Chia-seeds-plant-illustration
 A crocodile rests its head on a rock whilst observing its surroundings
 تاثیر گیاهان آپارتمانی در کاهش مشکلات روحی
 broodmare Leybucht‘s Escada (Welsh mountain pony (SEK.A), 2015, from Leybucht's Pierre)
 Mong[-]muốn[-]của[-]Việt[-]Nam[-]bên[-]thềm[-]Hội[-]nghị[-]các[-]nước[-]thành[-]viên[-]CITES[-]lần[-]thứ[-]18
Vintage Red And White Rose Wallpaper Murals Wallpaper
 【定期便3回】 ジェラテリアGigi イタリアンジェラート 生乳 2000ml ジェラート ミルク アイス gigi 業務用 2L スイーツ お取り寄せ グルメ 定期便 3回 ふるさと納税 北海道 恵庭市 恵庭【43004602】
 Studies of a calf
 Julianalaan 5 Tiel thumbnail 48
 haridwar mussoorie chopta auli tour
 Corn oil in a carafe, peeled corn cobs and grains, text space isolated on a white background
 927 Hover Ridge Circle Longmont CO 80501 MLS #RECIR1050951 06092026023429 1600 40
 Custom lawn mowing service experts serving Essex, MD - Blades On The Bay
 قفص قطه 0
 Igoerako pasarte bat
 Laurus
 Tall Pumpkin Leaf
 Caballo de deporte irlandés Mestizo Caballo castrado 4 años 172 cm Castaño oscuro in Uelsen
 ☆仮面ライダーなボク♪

:::::

What to do>
All the entries are to be set down exactly as they appear.

Written response>
Chia-seeds-plant-illustration
 A crocodile rests its head on a rock whilst observing its surroundings
 تاثیر گیاهان آپارتمانی در کاهش مشکلات روحی
 broodmare Leybucht‘s Escada (Welsh mountain pony (SEK.A), 2015, from Leybucht's Pierre)
 Mong[-]muốn[-]của[-]Việt[-]Nam[-]bên[-]thềm[-]Hội[-]nghị[-]các[-]nước[-]thành[-]viên[-]CITES[-]lần[-]thứ[-]18
Vintage Red And White Rose Wallpaper Murals Wallpaper
 【定期便3回】 ジェラテリアGigi イタリアンジェラート 生乳 2000ml ジェラート ミルク アイス gigi 業務用 2L スイーツ お取り寄せ グルメ 定期便 3回 ふるさと納税 北海道 恵庭市 恵庭【43004602】
 Studies of a calf
 Julianalaan 5 Tiel thumbnail 48
 haridwar mussoorie chopta auli tour
 Corn oil in a carafe, peeled corn cobs and grains, text space isolated on a white background
 927 Hover Ridge Circle Longmont CO 80501 MLS #RECIR1050951 06092026023429 1600 40
 Custom lawn mowing service experts serving Essex, MD - Blades On The Bay
 قفص قطه 0
 Igoerako pasarte bat
 Laurus
 Tall Pumpkin Leaf
 Caballo de deporte irlandés Mestizo Caballo castrado 4 años 172 cm Castaño oscuro in Uelsen
 ☆仮面ライダーなボク♪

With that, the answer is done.